> RECORDS SUPPLIED:

--- START ---

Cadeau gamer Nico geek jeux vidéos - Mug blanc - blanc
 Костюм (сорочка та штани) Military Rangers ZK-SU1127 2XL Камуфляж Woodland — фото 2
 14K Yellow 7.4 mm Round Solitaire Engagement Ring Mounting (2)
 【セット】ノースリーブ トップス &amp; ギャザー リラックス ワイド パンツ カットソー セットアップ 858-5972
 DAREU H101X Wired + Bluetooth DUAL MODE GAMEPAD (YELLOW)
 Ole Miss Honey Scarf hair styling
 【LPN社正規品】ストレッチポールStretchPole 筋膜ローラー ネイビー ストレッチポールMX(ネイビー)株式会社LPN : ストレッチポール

--- END ---

> PROMPT:
Every line in the data above has to be retyped exactly.

> RESPONSE:
Cadeau gamer Nico geek jeux vidéos - Mug blanc - blanc
 Костюм (сорочка та штани) Military Rangers ZK-SU1127 2XL Камуфляж Woodland — фото 2
 14K Yellow 7.4 mm Round Solitaire Engagement Ring Mounting (2)
 【セット】ノースリーブ トップス &amp; ギャザー リラックス ワイド パンツ カットソー セットアップ 858-5972
 DAREU H101X Wired + Bluetooth DUAL MODE GAMEPAD (YELLOW)
 Ole Miss Honey Scarf hair styling
 【LPN社正規品】ストレッチポールStretchPole 筋膜ローラー ネイビー ストレッチポールMX(ネイビー)株式会社LPN : ストレッチポール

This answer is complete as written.